Given material ::

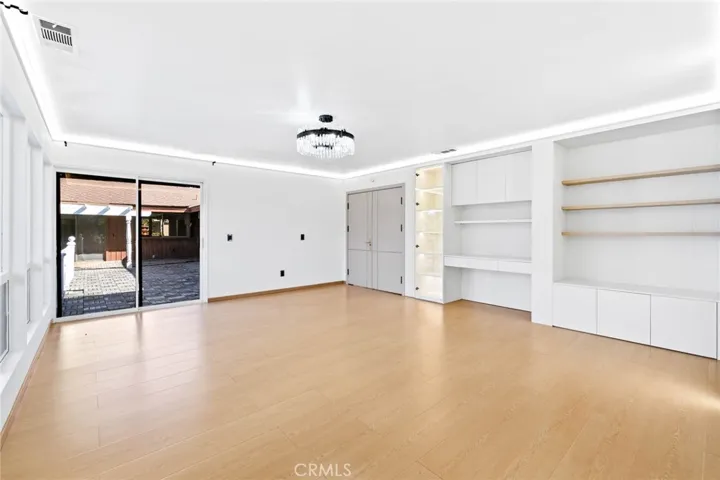 27411 Santa Fe, Hemet, California 92543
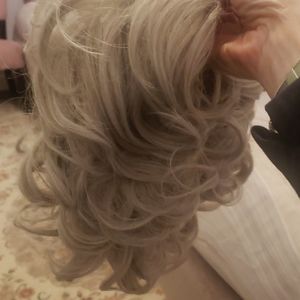Queen Elizabeth/ old woman  gray wig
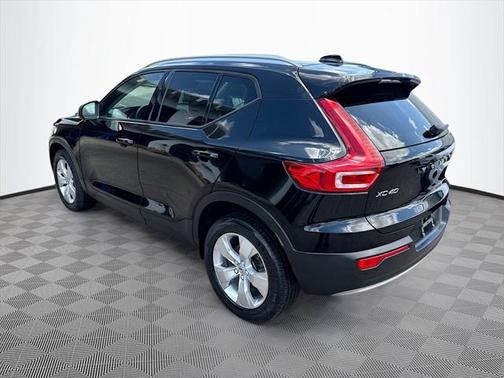 2021 Volvo XC40 T5 Momentum
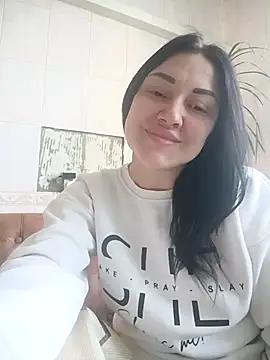 Snapshot of LuceSkys chatting on 11/01/25, 09:33 LuceSkys online show from 11/01/25, 09:33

Exercise description :: Copy all the material word for word, minus its pictures.

Output of the exercise ::
 27411 Santa Fe, Hemet, California 92543
Queen Elizabeth/ old woman  gray wig
 2021 Volvo XC40 T5 Momentum
 Snapshot of LuceSkys chatting on 11/01/25, 09:33 LuceSkys online show from 11/01/25, 09:33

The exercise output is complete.